What is surprising is the way in which this grand Beloit experiment has been repurposed by others, but often executed poorly. Internship requirements are now a staple at institutions across the country, and thesis requirements are becoming increasingly more prevalent among colleges with which we most often compete. Yet, it is rare that you see colleges doing both, as we do. Even rarer is the institution that truly supports, integrates, and values such work—treating it as a necessity, not a notch in some curricular belt or a nod to the latest trend.
Among our peer group, Beloit alone offers what I’ve taken to calling a “practice package”—a suite of requirements and experiential opportunities that ensure a Beloiter, a self-generating Beloiter, is ready to live a life of purposeful consequence.

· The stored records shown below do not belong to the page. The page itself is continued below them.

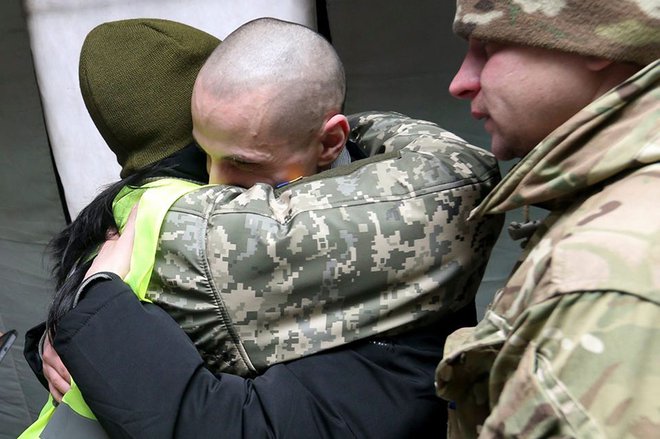 Vojna med Kijevom in proruskimi separatisti je od leta 2014 terjala več kot 13.000 življenj. FOTO: AFP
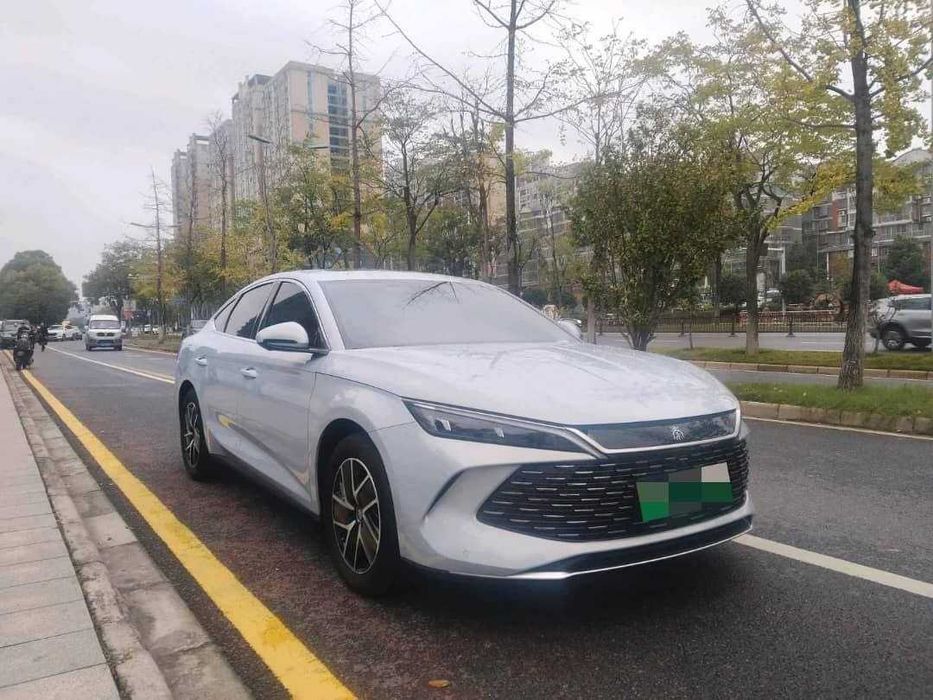 BYD QIN L 120 км - 2100 км ГИБРИД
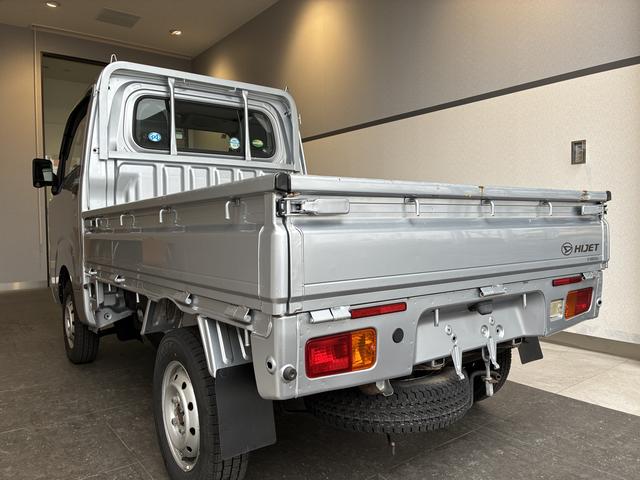 ハイゼットトラックスタンダード　４ＷＤワンオーナー・５ＭＴ・パートタイム４ＷＤ・２．２万Ｋ・ＡＭ／ＦＭラジオ・マニュアルエアコン・ドライブレコーダー・ヘッドライトコントロール・ドアバイザー・キーレスエントリー・スタッドレスタイヤ・禁煙車（北海道）の中古車
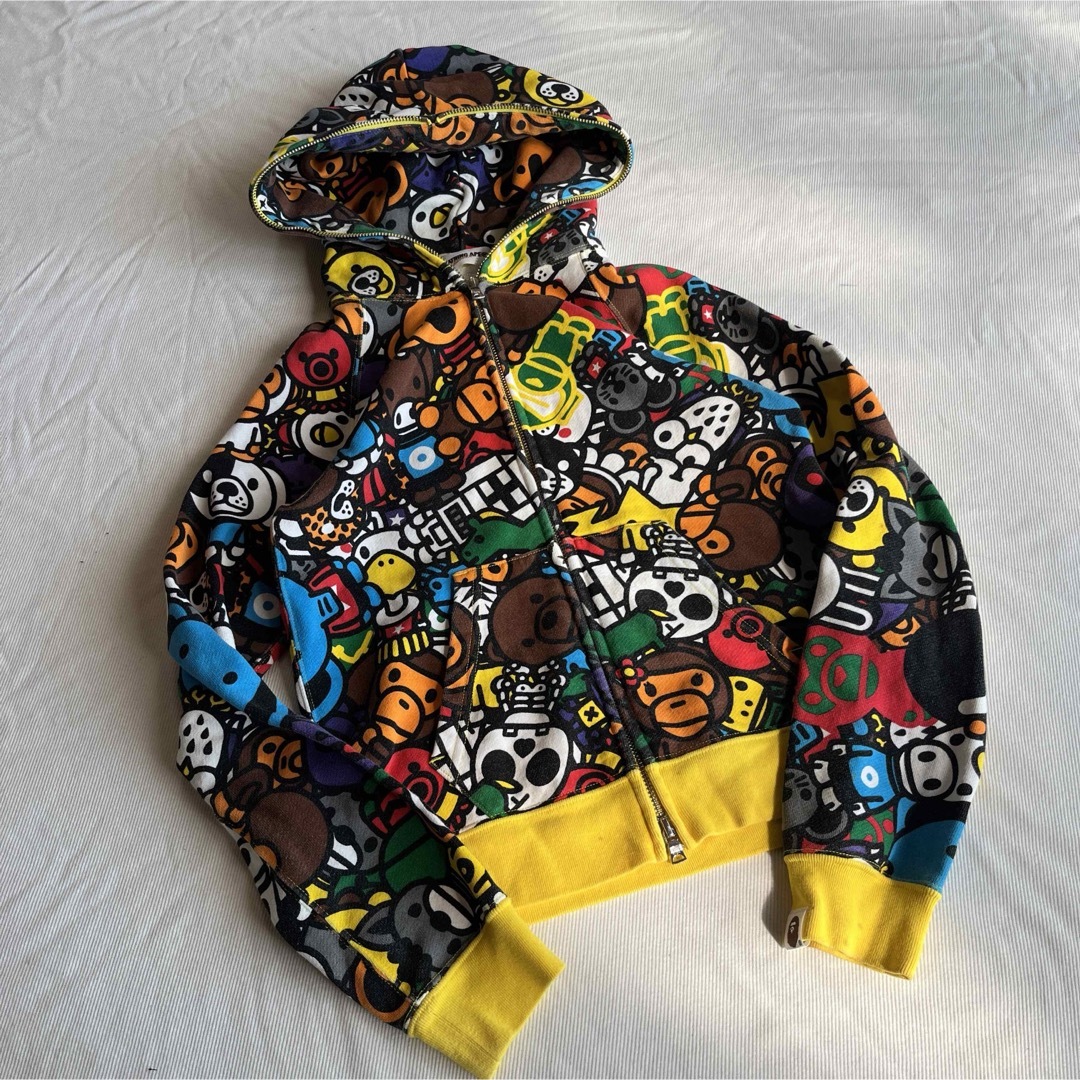 A BATHING APE(アベイシングエイプ)のアベイシングエイプ 総柄 パーカー kids XXS 130cm キッズ/ベビー/マタニティのキッズ服男の子用(90cm~)(ジャケット/上着)の商品写真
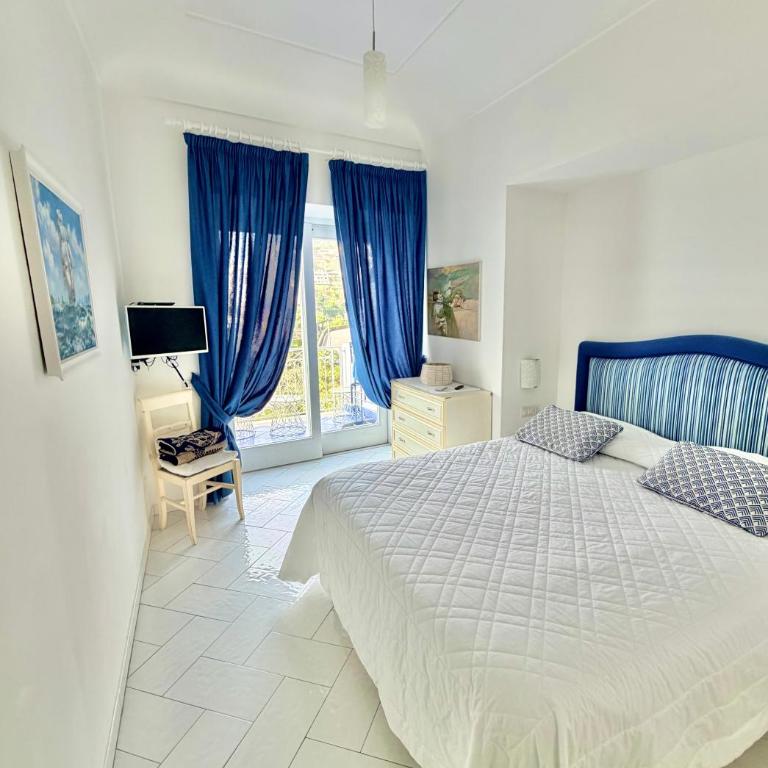 Santiago vacation home in Positano - Three-Bedroom Apartment with Ocean View - 23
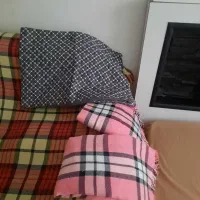 دو عدد پتو مسافرتی و یه جفت رو بالشی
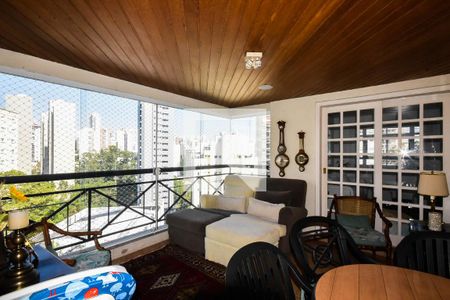 Varanda de apartamento para alugar com 4 quartos, 230m² em Vila Suzana, São Paulo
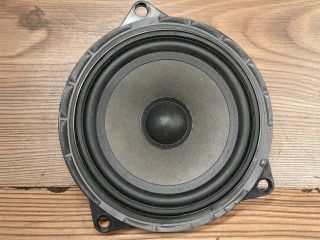 bontott BMW 3 E91 Jobb hátsó Hangszóró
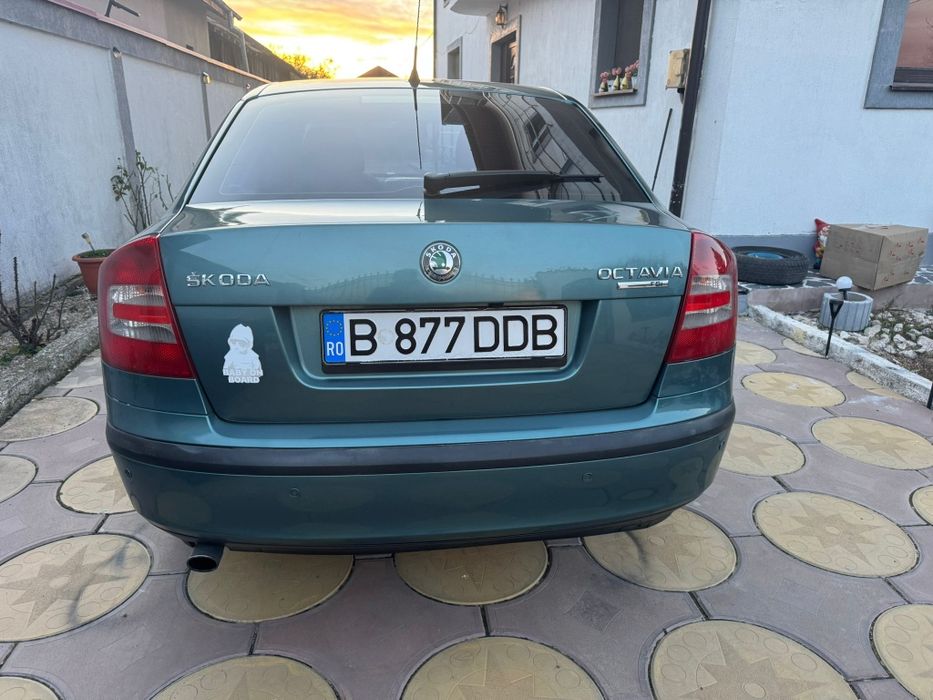 Vând skoda Octavia 2 1.6benzina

Beloit students are not only required to know, but also to know how. They must complete a liberal arts in practice experience, as well as a capstone project or thesis. They have opportunities to take lab classes in every major. And they are presenting their research at Student Symposium and International Symposium, serving on search committees, pitching and earning honors terms, starting businesses through the Center for Entrepreneurship in Liberal Education at Beloit (CELEB), and much more.
Beloit today, like the Beloit of yesterday, continues to do this yeoman’s work. What we haven’t done, judging by this Time cover story, and the dozens of similar pieces that preceded it, is broadcast our successes in this area. To do this, we must elevate the examples of our alumni and do a better job of putting together and distributing the proof of our claim. We must hand out the megaphones to those of you who have experienced first-hand the benefits of a Beloit education.
I hope you will join us in that effort.
From here at Chapin’s desk, it is a great day to be a Beloiter.